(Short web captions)
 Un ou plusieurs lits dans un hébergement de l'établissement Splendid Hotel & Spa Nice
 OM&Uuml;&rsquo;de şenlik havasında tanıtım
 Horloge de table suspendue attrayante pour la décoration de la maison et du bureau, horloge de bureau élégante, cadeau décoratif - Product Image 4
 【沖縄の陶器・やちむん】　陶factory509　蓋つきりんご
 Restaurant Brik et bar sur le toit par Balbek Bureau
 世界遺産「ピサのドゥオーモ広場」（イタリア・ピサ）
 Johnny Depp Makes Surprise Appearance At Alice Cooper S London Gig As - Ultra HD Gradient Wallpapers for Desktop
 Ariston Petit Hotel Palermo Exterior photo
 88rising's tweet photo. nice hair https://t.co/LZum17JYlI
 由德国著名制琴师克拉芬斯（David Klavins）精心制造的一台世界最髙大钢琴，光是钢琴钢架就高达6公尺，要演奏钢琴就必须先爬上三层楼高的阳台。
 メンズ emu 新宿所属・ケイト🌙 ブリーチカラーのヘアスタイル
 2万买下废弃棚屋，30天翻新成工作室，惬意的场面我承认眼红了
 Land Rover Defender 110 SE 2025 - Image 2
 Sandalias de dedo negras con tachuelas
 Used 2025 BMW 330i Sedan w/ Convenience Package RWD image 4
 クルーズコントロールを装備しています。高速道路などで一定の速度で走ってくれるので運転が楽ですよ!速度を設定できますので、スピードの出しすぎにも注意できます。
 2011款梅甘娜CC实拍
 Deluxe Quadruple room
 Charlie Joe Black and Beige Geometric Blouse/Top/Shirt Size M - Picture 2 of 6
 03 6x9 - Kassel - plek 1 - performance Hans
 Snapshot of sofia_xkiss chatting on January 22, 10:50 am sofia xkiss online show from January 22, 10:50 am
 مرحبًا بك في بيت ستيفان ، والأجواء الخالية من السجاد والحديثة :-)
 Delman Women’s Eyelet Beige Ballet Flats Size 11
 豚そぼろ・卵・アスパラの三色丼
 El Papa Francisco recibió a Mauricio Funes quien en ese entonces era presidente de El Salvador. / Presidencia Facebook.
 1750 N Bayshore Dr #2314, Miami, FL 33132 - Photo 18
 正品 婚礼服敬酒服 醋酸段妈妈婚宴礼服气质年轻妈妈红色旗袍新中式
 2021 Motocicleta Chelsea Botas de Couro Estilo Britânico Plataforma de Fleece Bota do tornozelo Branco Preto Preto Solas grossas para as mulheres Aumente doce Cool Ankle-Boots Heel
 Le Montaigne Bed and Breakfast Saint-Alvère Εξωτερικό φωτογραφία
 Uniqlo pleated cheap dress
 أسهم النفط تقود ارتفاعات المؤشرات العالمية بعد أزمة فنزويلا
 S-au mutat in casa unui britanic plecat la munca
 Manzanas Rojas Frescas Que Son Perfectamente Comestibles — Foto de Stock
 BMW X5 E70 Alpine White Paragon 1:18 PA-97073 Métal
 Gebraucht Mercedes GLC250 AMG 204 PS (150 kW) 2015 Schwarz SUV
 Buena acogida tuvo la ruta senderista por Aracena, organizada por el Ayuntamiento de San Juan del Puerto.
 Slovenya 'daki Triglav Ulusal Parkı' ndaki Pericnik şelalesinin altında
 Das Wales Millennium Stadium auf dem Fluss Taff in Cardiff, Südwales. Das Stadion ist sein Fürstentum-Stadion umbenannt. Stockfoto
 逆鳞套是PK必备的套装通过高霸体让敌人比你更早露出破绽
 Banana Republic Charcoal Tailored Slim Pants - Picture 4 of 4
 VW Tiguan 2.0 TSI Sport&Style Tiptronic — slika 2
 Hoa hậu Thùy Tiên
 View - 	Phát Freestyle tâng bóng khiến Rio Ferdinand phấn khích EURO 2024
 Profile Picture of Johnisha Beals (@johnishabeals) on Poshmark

**TASK TO CARRY OUT**. Restate word for word only the lines above from the line containing "豚そぼろ・卵・アスパラの三色丼" to the line containing "2021 Motocicleta Chelsea", both of them included.

**RESULT OF THIS TASK**.
 豚そぼろ・卵・アスパラの三色丼
 El Papa Francisco recibió a Mauricio Funes quien en ese entonces era presidente de El Salvador. / Presidencia Facebook.
 1750 N Bayshore Dr #2314, Miami, FL 33132 - Photo 18
 正品 婚礼服敬酒服 醋酸段妈妈婚宴礼服气质年轻妈妈红色旗袍新中式
 2021 Motocicleta Chelsea Botas de Couro Estilo Britânico Plataforma de Fleece Bota do tornozelo Branco Preto Preto Solas grossas para as mulheres Aumente doce Cool Ankle-Boots Heel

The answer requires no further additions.